4.1 Radix Sort

Prefix sum is a crucial foundation for numerous parallel algorithms. In this chapter, we explore its role in constructing another fundamental element: a sorting algorithm known as radix sort. This sorting technique will be instrumental in our next chapter, where we apply it to implement Gaussian splatting.

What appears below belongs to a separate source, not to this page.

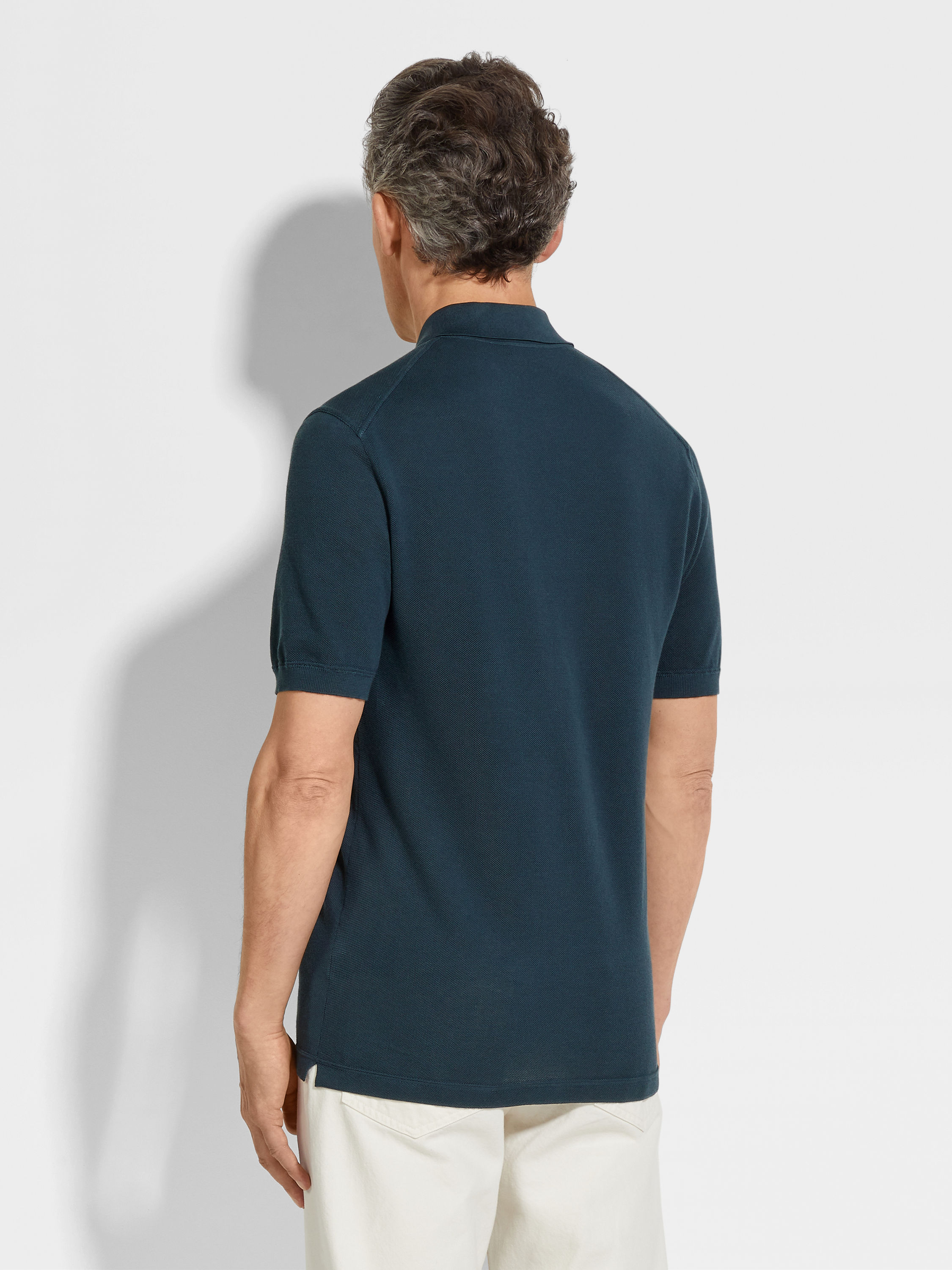 Dark Teal Blue Cotton Polo Shirt Product detail photo #4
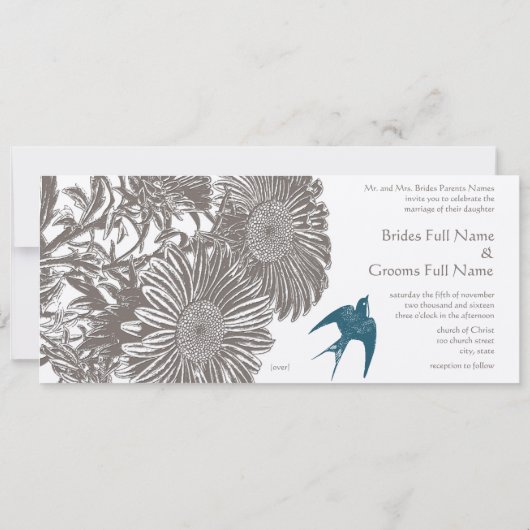 Driftwood  Bloem en Blauwgroen vogelhuwelijk Kaart (Achterkant)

The goal of radix sort is to arrange key-value pairs based on their keys, where each key is an integer. This sorting process involves examining one digit of all keys at a time. For instance, if all keys are decimal numbers less than 100, each key has two digits. During sorting, we first consider the least significant digit and rearrange the entire list based on that digit alone. Next, we move on to the most significant digit and reorder the list again. It's important to note that each step of reordering must be a stable sort. This means that if two elements have the same key, the one that appeared earlier in the input will also appear earlier in the sorted output. By ensuring this stability, the order established during the first pass based on the least significant digit can be maintained while performing subsequent passes. Therefore, once we have sorted the list digit by digit, we can be confident that the final list will be ordered by the key.

Example of Radix Sort
Example of Radix Sort

How is radix sort related to prefix sum? Let's illustrate this relationship using an even simpler case: binary keys. When our keys are binary, with only two possible values (zero and one) for each digit, sorting by a single digit is akin to performing a prefix sum on the occurrences of zeros and ones. Once we have computed the prefix sum, we can predict the new position in the sorted list for each element. For instance, if an element is zero and we know the prefix sum k of all zero occurrences, the element's new location in the sorted list should be k+1. Similarly, if an element is one and we know the prefix sum w of all one occurrences, the element's new location should be w+1+z, where z is the count of all zeros.

This approach can be readily extended to digits of a different numeral system, such as decimal. However, there's a trade-off to consider when selecting the numeral system. Using a system with fewer possible values for a digit, like binary, results in keys with more digits. Consequently, more iterations are needed to complete the sorting process. Conversely, opting for a system with more values per digit shortens the key length but requires more prefix sums in each iteration and more storage to keep track of them. In our example, we will use the Quaternary numeral system.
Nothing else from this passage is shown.